Exercise objective = Everything from the "Un agricultor empaca forraje." line to the final line of the listing should be written out exactly. Skip the pictures.

Information shown =

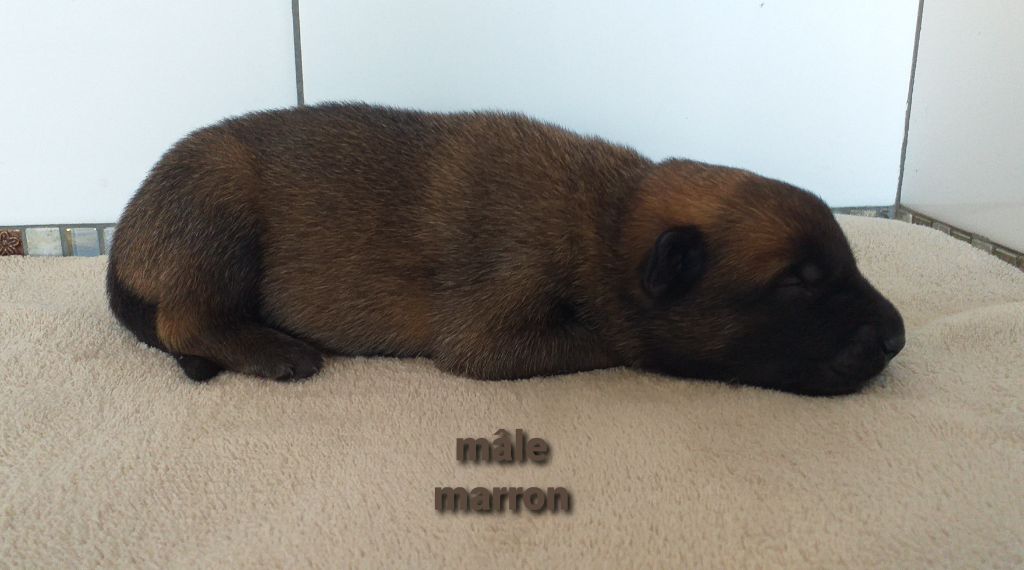Des Terres Behennoises - Chiots disponibles - Berger Belge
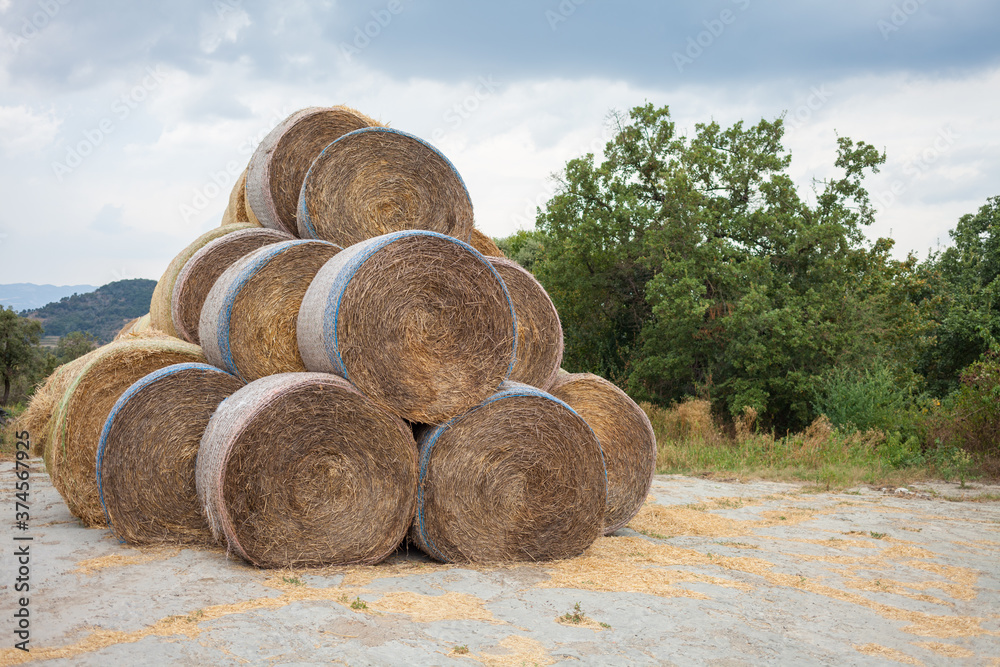Round bales of straw are stacked in the field. Round bales of straw are stacked in the field.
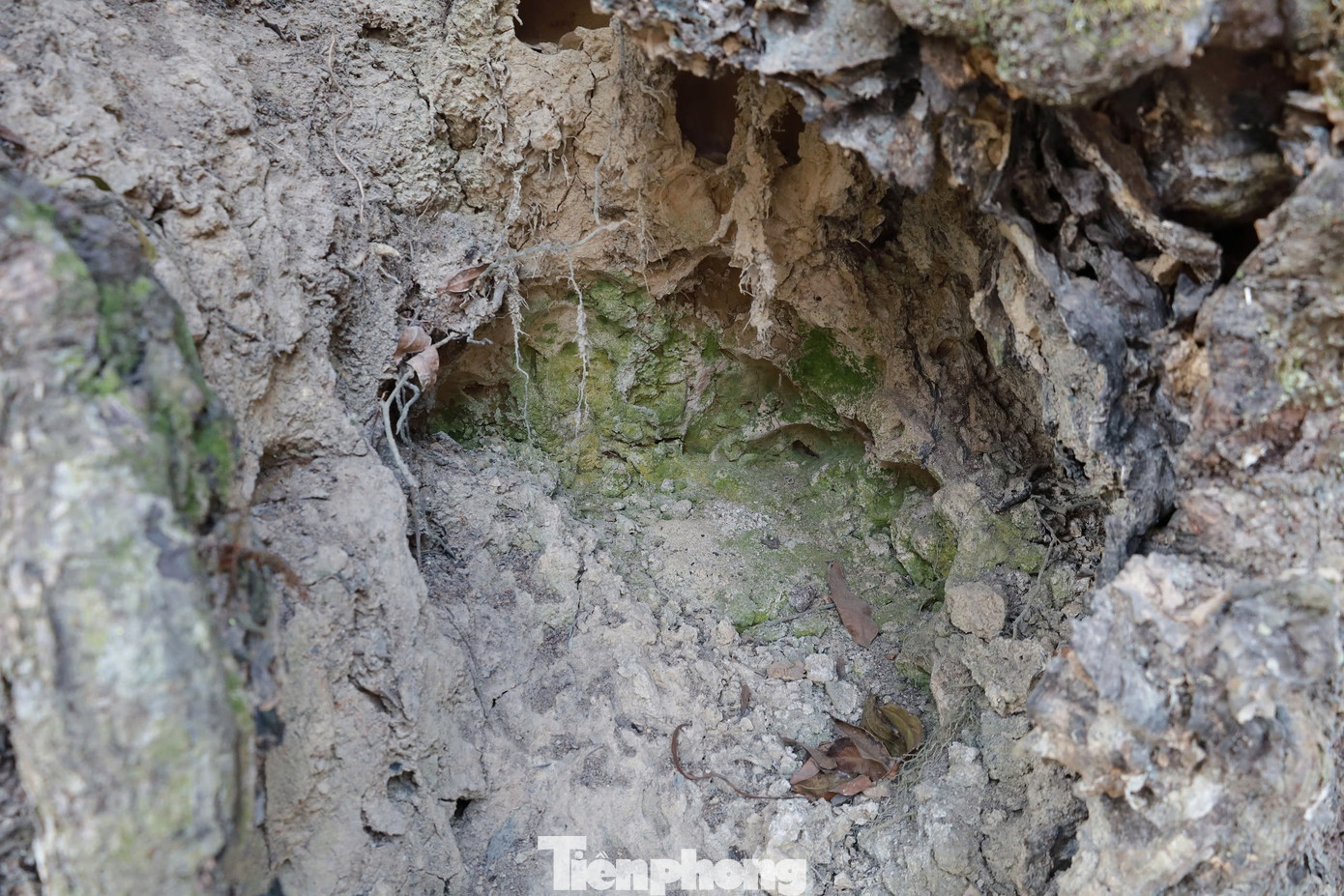 Những bậc cao niên trong làng Di Nậu cho hay, vào những năm “cụ” thị chưa được giữ gìn, chăm sóc cẩn thận về mùa đông, trẻ con trong làng đi chăn trâu cắt cỏ, tập trung ở gốc cây đốt rơm sưởi ấm, đã cháy sém cả gốc, tạo nên hốc lớn ở giữa thân, nhưng cây thị vẫn hiên ngang không hề hấn gì.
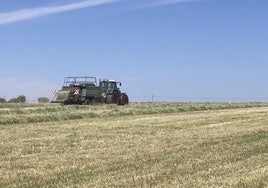 Un agricultor empaca forraje.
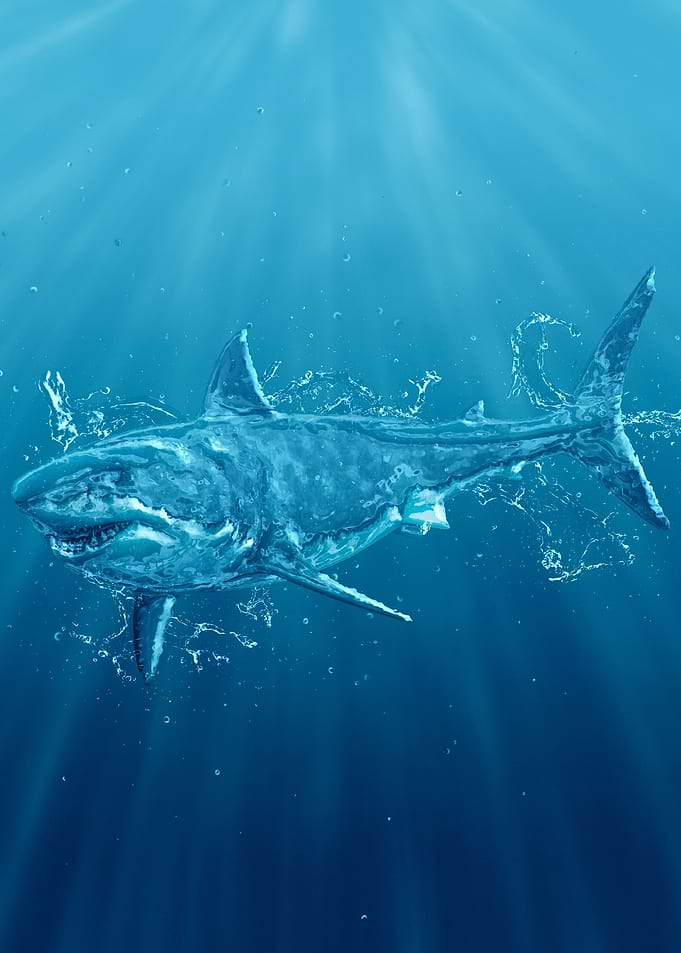 Great White Shark
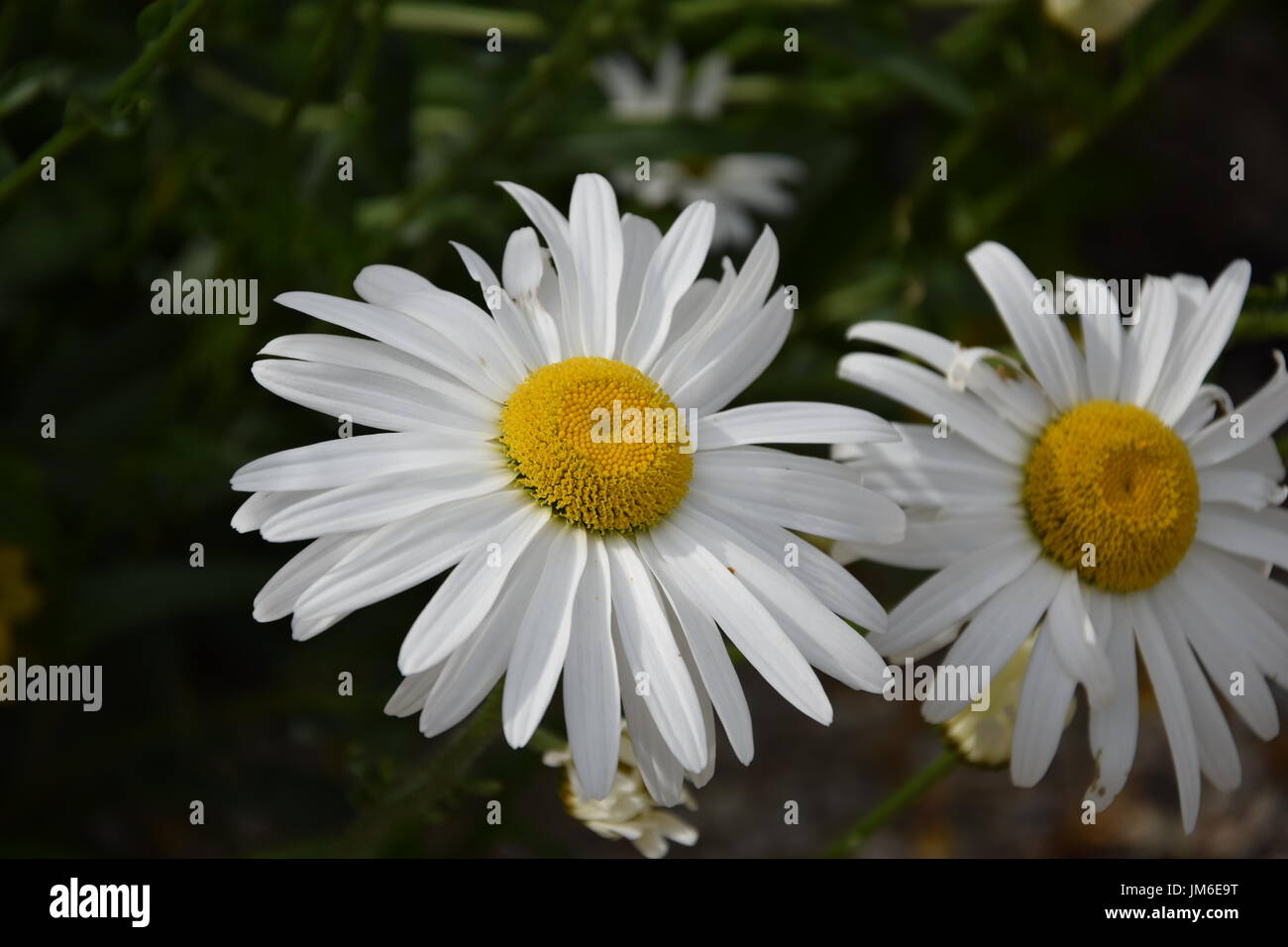Inflorescence of Common Daisy, Lawn Daisy or English Daisy (Bellis perennis) Stock Photo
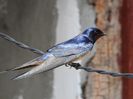 Rândunica (Hirundo rustica)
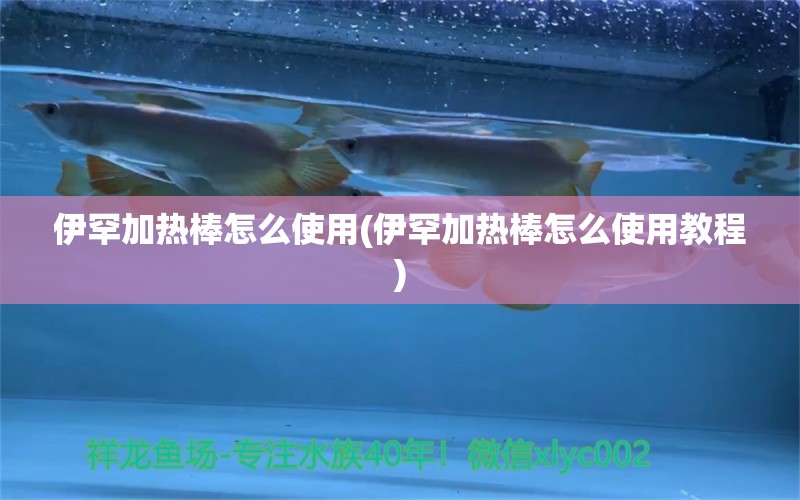 伊罕加热棒怎么使用(伊罕加热棒怎么使用教程) 伊罕水族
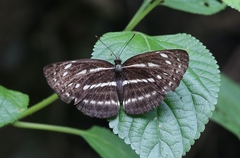 Neptis nata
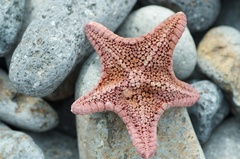 Diplodontias miliaris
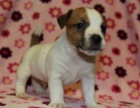 jack russell teri�r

Output below =
 Un agricultor empaca forraje.
 Great White Shark
Inflorescence of Common Daisy, Lawn Daisy or English Daisy (Bellis perennis) Stock Photo
 Rândunica (Hirundo rustica)
 伊罕加热棒怎么使用(伊罕加热棒怎么使用教程) 伊罕水族
 Neptis nata
 Diplodontias miliaris
 jack russell teri�r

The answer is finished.